SEWARD STREET SLIDES

In 1966, Seward Street minipark was the site of a neighborhood sit-in that saved the last remaining open space between Seward and Corwin streets from encroaching development. Honor the community protesters' struggle in true '60s spirit by lighting up, grabbing a cardboard box, and flying down the polished concrete flumes for freedom (you can also slide at the chutes in Children's Playground and Bernal Heights). Getting blazed is a good way to mitigate small bruises and the burn of climbing to the top of the remarkably long chute. But if intoxication and high velocity isn't your favorite mix, there are plenty of places to perch peacefully and watch the action.

Acme between Seward and Corwin, SF

 

BERKELEY BOWL

This locally-owned grocery chain is a stoner's dream, whether you alight on the 40,000 square foot megastore or the sleek new western location complete with parking lot: an added convenience for pre-browse hot-boxing. From asparagus to zatar (a Lebanese spice related to mint), the Technicolor aisles tantalize tokers' taste buds, and are the ideal playscape for customer antics — shopping cart drag races are not unheard of. Feeling peckish? Avoid being "that hippy" shoving patchouli-scented paws in the bulk bins. Try baking among the baked goods at the store café, where you'll find plenty of fresh soups, sandwiches, and company to ponder universal truths with.

2020 Oregon, Berk. (510) 843-6929; 920 Heinz, Berk. (510) 898-9555, www.berkeleybowl.com

 

WESTFIELD MALL ESCALATORS

Try to accomplish anything at the Westfield Mall while sober and you will surely end up crying outside of Jamba Juice, then struggling for hours more just to find the first floor exit. A better way of approaching the shiny downtown consumerist behemoth is to get faded and ride the escalators for, like, a really long time. The inter-floor specimens at the Westfield are a sight to behold. Unlike boring linear escalators, these zigzag upward and downward in Escher-esque profundity, caged in the mall's dome-like interior. Those seeking ascent or descent must navigate a loop of shiny retail spaces just to find their way to the next moving staircase. Keep your wits about you — if you know which way is up, you may just reach Century Theatres!
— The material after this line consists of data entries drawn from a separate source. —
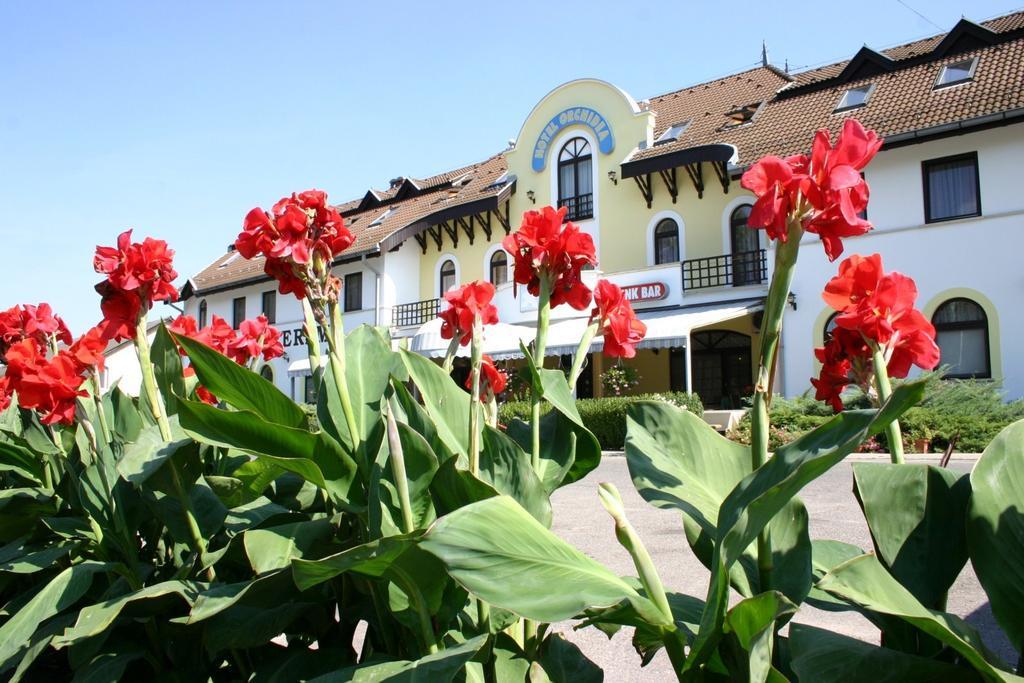 Hotel Orchidea Balástya Exteriér fotografie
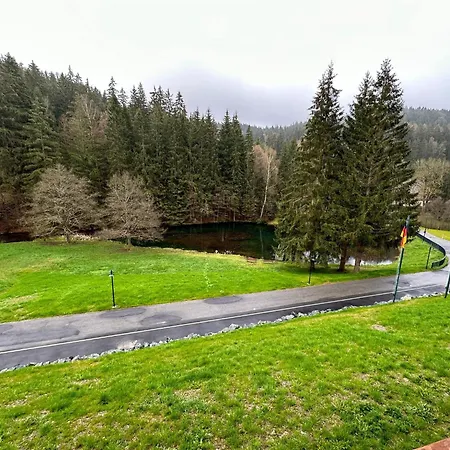 Schwarzbachtal Double Forest Mountain View Erlbach (Saxony)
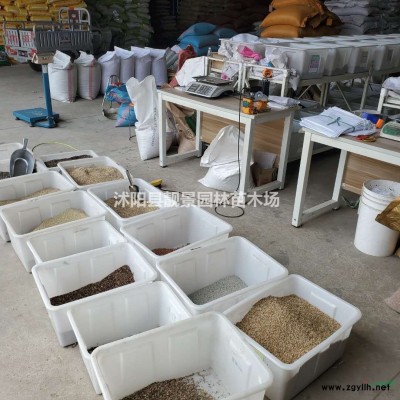 供應(yīng)國槐苗.紫荊苗.垂柳苗.欒樹苗.木瓜苗.高桿女貞苗價(jià)..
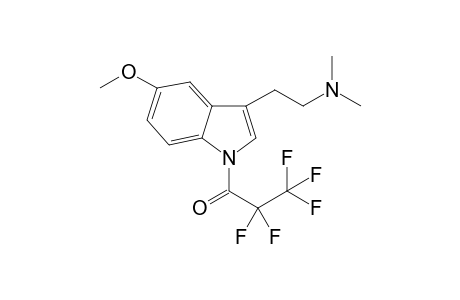 5-MeO DMT PFP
865 Market, SF. (415) 512-6776, www.westfield.com/sanfrancisco

 

AUDIUM

Seeing the sights while stoned is all well and good, but you can give your optic nerves the night off and still totally trip off of SF. The wonder that makes it all possible is the Audium, where synapse-stimulating sound sculptures are unleashed on listeners seated in a round auditorium that is darkened to blackness to further heighten the experience. This place was constructed to get you high off auditory fumes. Sayeth Stan Shaff, the composer who co-masterminded the Audium concept back in the 1950s: "As people walk into a work, they become part of its realization. From entrance to exit, Audium is a sound-space continuum." Somehow we've made it through this entire paragraph without using the term "mind-blowing." Shoulder pat.